§ **PROBLEM DESCRIPTION**:
Using the records that follow, reproduce exactly the lines starting at the line containing "DG barbershop exterior" and ending at the line containing "Master hairdresser prepares". Include both end lines and no pictures.

⁂

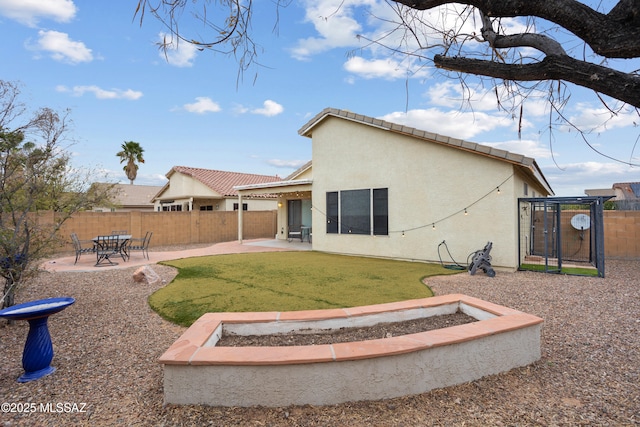 rear view of house featuring a trampoline, a yard, and a patio area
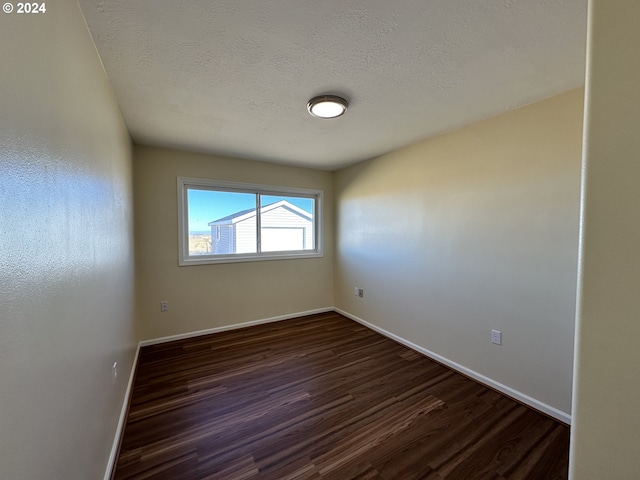 14865 Mt View Dr, Condon, OR 97823 - spare room featuring dark wood-type flooring, a textured ceiling, and baseboards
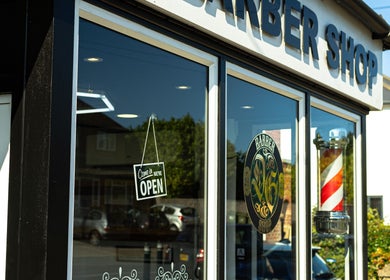 DG barbershop exterior with open sign, Guildford, England, GB.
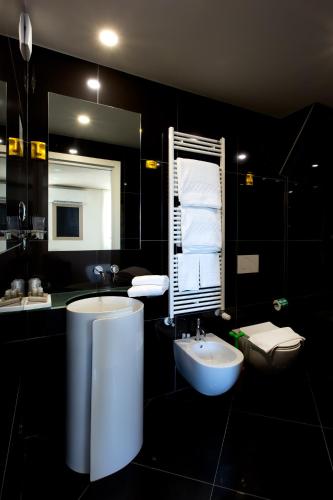 Vannas istaba, Al Campanile Aparthotel & Suite in Baveno Vannas istaba, Al Campanile Aparthotel & Suite in Baveno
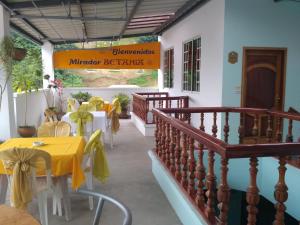 a restaurant with a table with yellow tables and chairs at Hotel Betania in Zamora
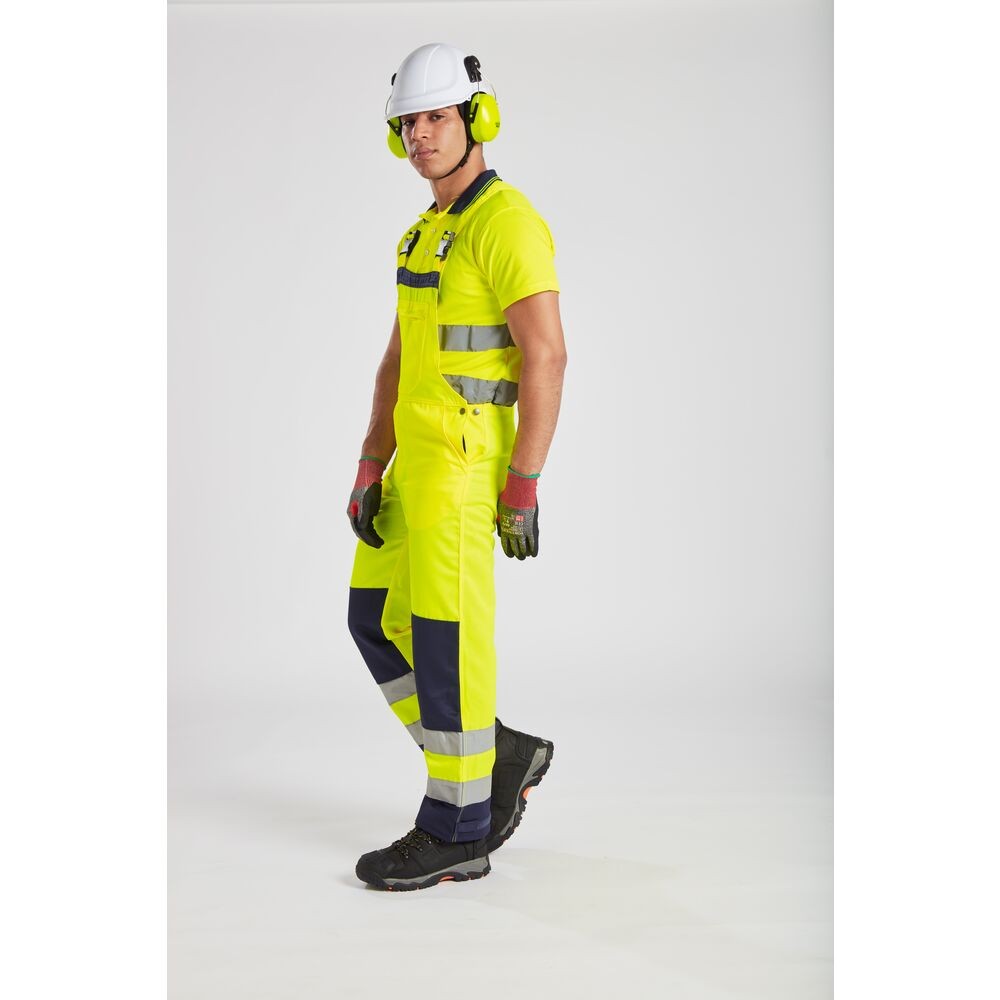 A white safety helmet with an adjustable suspension harness and ventilation slots, providing impact protection on construction sites.
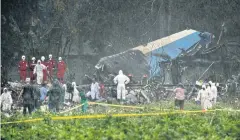  ??  ?? SEARCH FOR SURVIVORS: Rescue teams search through the wreckage of the Boeing 737 that plummeted into a field shortly after takeoff with 110 passengers on board in Havana.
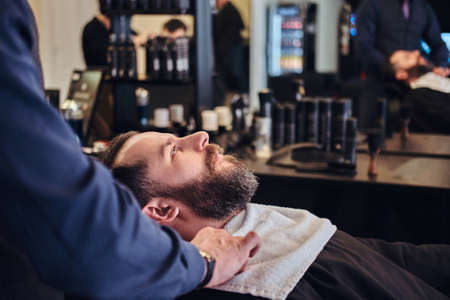 Master hairdresser prepares the face for shaving in the barber shop.の写真素材
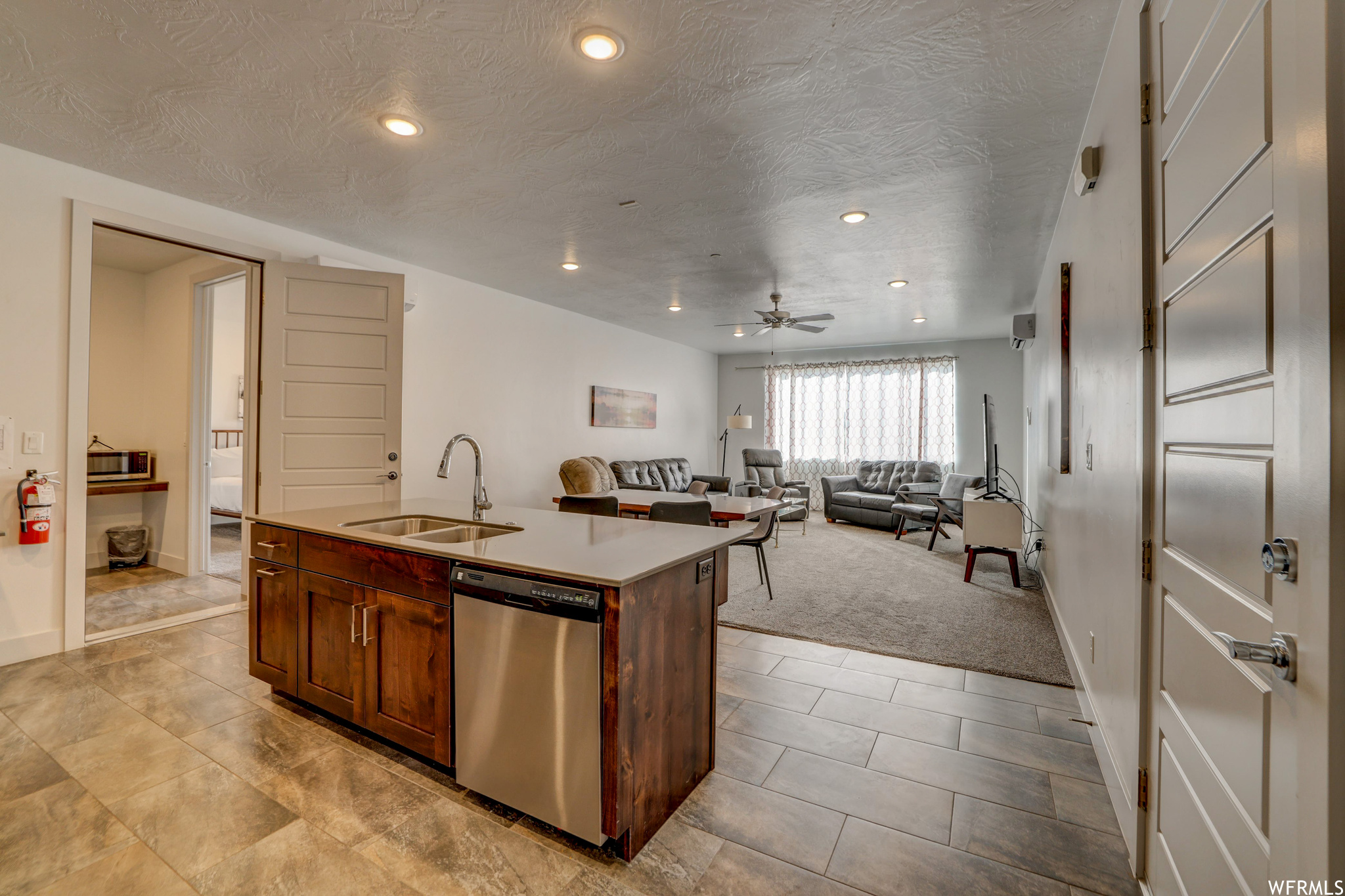 Kitchen featuring light carpet, sink, dishwasher, a center island with sink, and ceiling fan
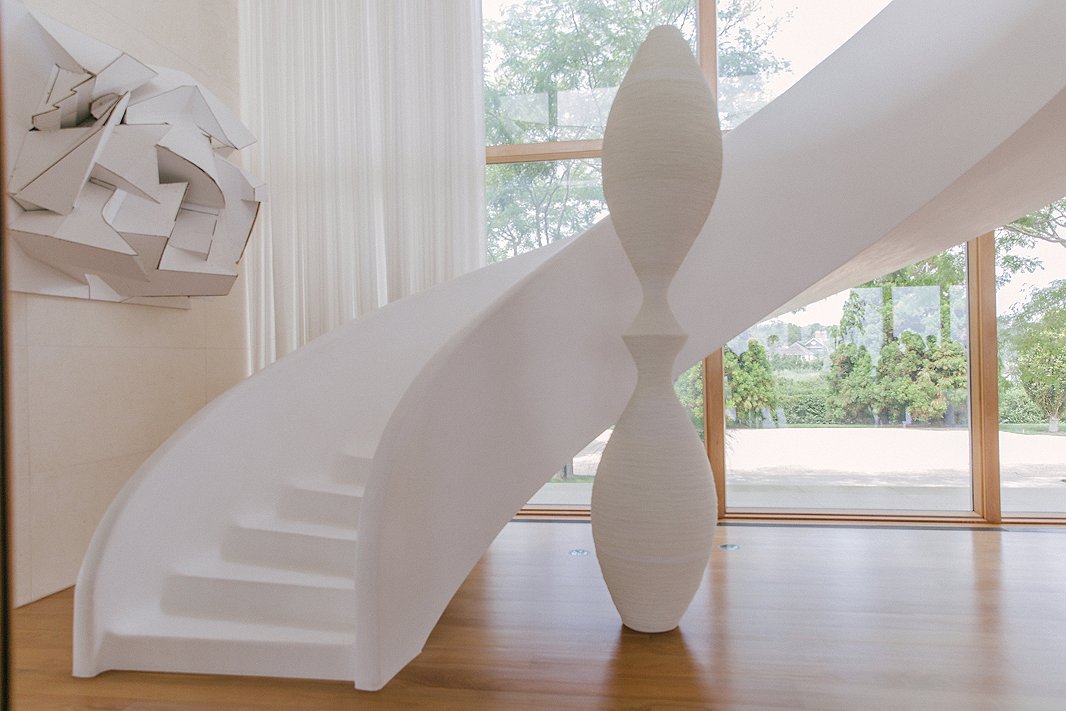 Off the entry is a custom staircase made of snow-white plaster, which Kelly says is incredibly soft on bare feet.

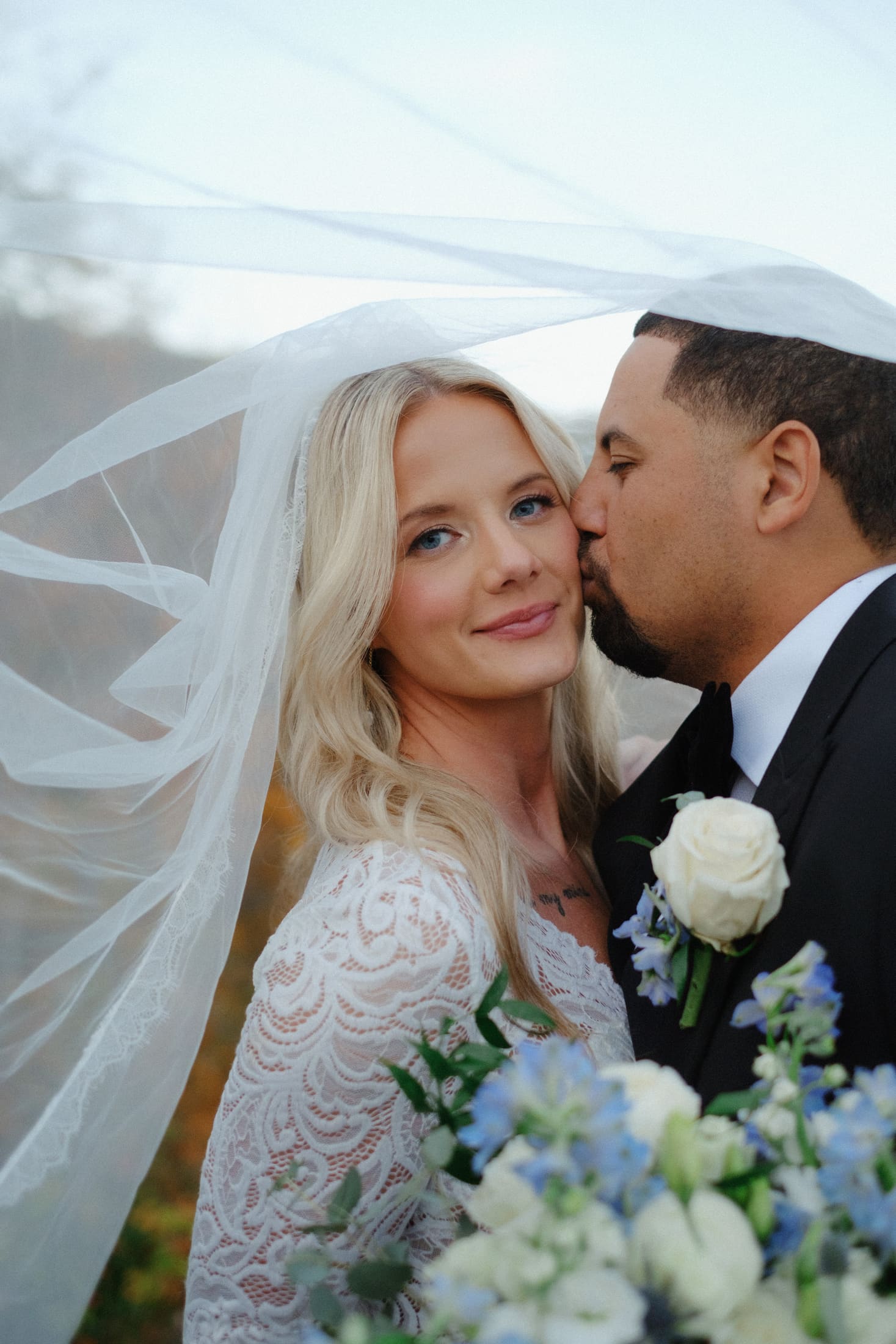 Bride and groom smiling together after getting ready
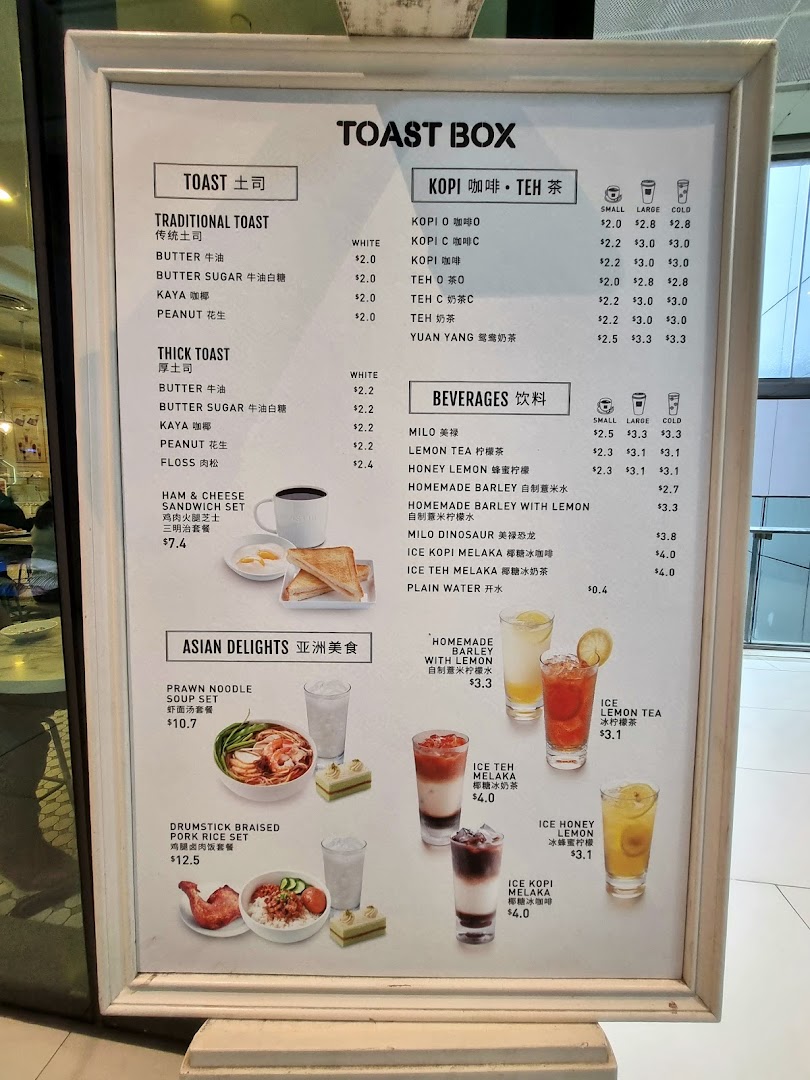 A detailed menu board from Toast Box, showcasing their toast, coffee, tea, beverages, and Asian delights.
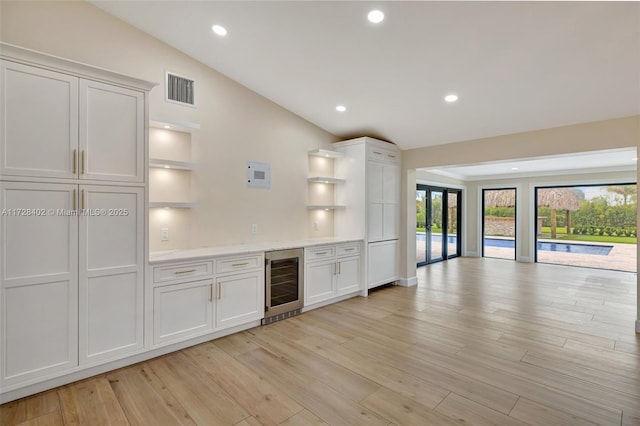 kitchen with light hardwood / wood-style flooring, white cabinetry, light stone countertops, vaulted ceiling, and beverage cooler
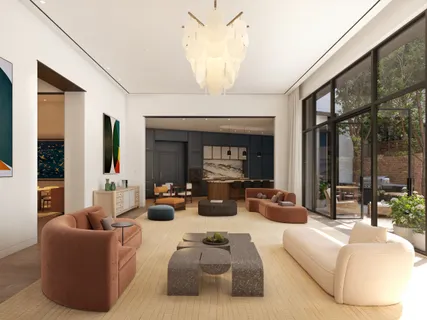 a living room with furniture fireplace and large windows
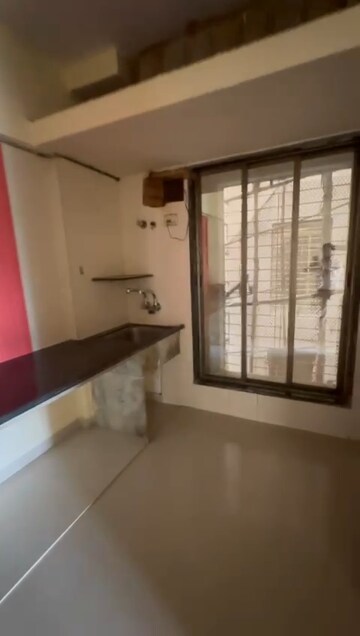 Kitchen in 2 BHK Apartment at Swarna Apartments, Mira Road – for Sale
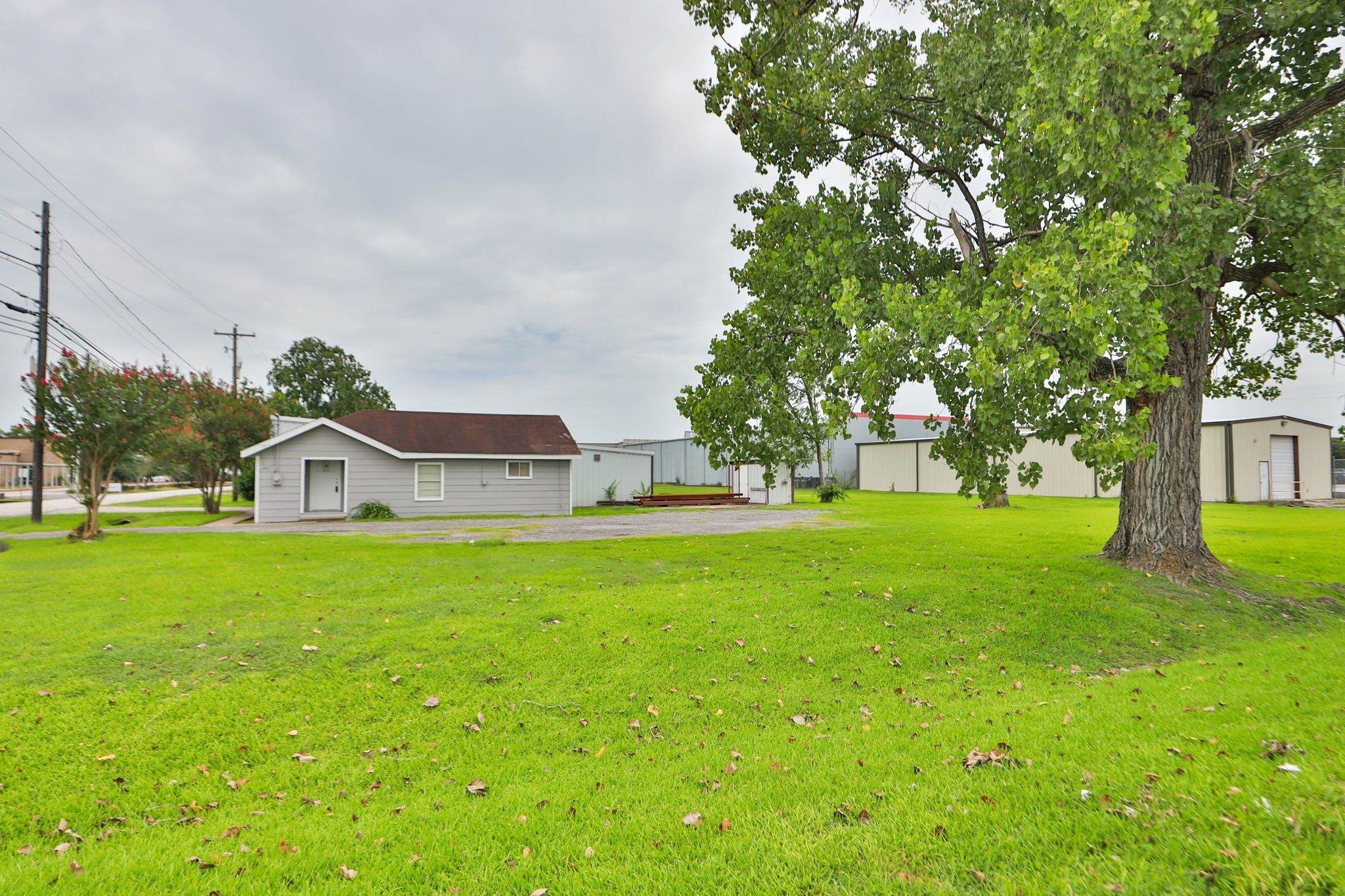 14023 Packard Street Houston, TX 77040 - Photo 25 of 33 a front view of a house with garden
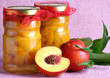 Food,peach compote in two jars and fresh peaches Food,peach compote in two jars and fresh peaches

⁂

§ **PROBLEM SOLUTION**:
 DG barbershop exterior with open sign, Guildford, England, GB.
 Vannas istaba, Al Campanile Aparthotel & Suite in Baveno Vannas istaba, Al Campanile Aparthotel & Suite in Baveno
 a restaurant with a table with yellow tables and chairs at Hotel Betania in Zamora
 A white safety helmet with an adjustable suspension harness and ventilation slots, providing impact protection on construction sites.
  ??  ?? SEARCH FOR SURVIVORS: Rescue teams search through the wreckage of the Boeing 737 that plummeted into a field shortly after takeoff with 110 passengers on board in Havana.
 Master hairdresser prepares the face for shaving in the barber shop.の写真素材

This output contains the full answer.